A 33-year-old restaurant worker presented at an urgent care center with a deep hand laceration. He was triaged by a physician’s assistant (PA), sent to the surgery department, and treated by a nurse practitioner (NP). The NP irrigated, sutured, and dressed the wound. The patient was given oral instructions on wound care and the signs and symptoms of infection.
The next day, the patient called the center with complaints of extreme pain. The treating NP prescribed Tylenol with Codeine. Five hours later, the patient called the NP again stating that the pain medication had been ineffective and that he was now having chills. The NP advised him to take an anti-inflammatory agent. Later that same day, the patient called the center again reporting a fever. He was seen that evening by the PA who had done his initial triage.
The PA examined the patient’s hand and found the wound to be reddened, swollen, and hot. A lymphangitis (red streaking) was also noted which extended just distally to the antecubital fossa, indicating that the lymphatic system was also involved in the infection process. The patient was febrile (100) even after several doses of ibuprofen. The PA diagnosed abscess formation, lymphangitis, and significant cellulitis.
After consulting with the covering surgeon, the PA removed six of the nine sutures and observed spontaneous evacuation of purulent material, including old non-clotted blood. The wound was cultured, irrigated with saline and peroxide, and dressed. The lymphangitis and cellulitis were delineated.

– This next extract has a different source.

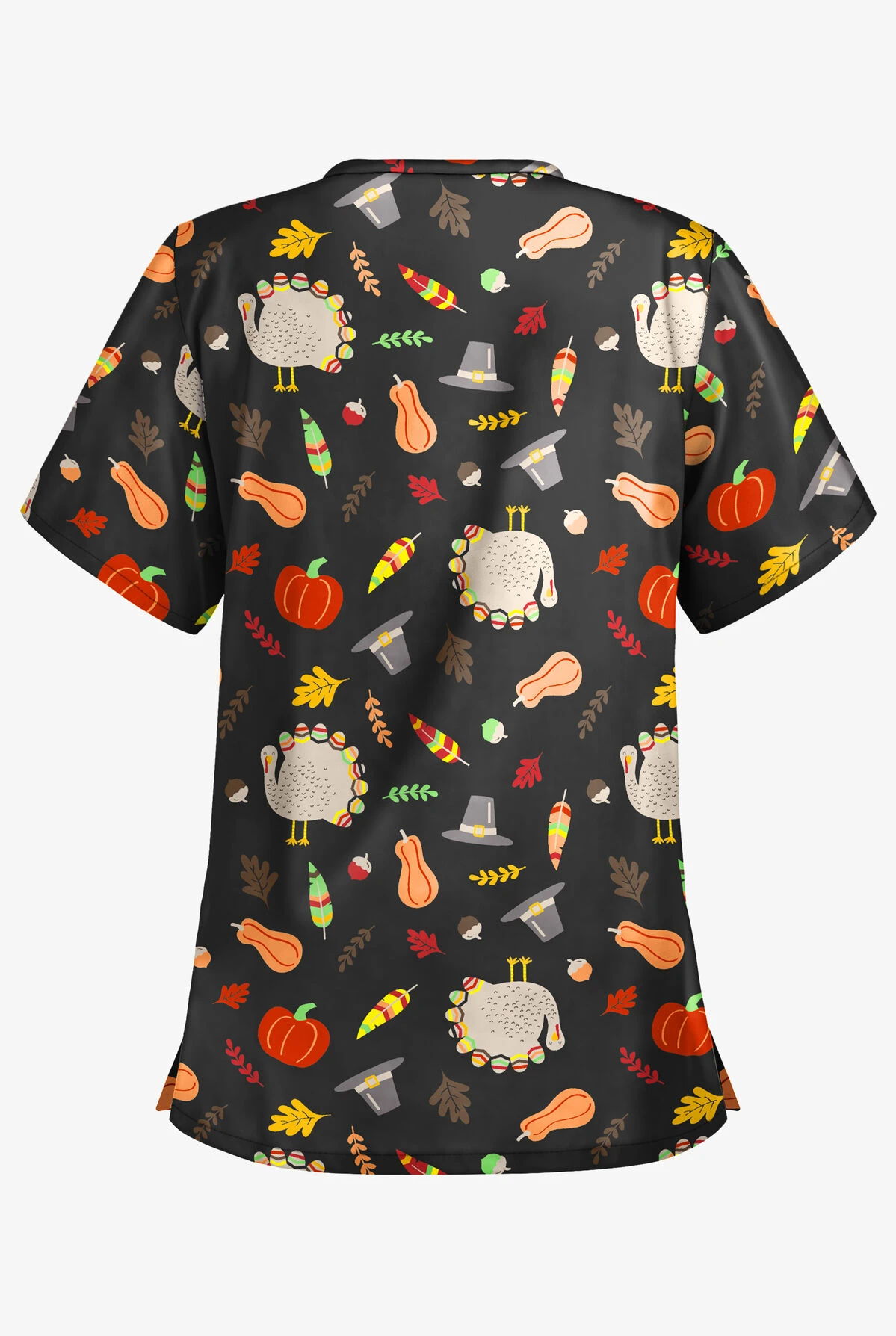 Butter-Soft Thanksgiving Walk Women's 2-Pocket Relaxed Fit V-Neck Print Scrub Top - Image 2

The patient was given intravenous antibiotics and discharged home on oral dicloxacillin. A follow-up appointment was made for the next morning. He was instructed to keep the limb elevated and go to the ED if fever or chills developed. Subsequently, the CBC revealed a WBC of 17,000, and the culture was positive for streptococcal and staphylococcus organisms.
The following morning, the patient presented at the center with severe pain with passive motion of the digits and increased edema. He was admitted to the hospital where he underwent three irrigation and debridement procedures and received IV antibiotics. He was discharged home with occupational therapy and IV antibiotics. He was left with scarring and some loss of function of his left hand.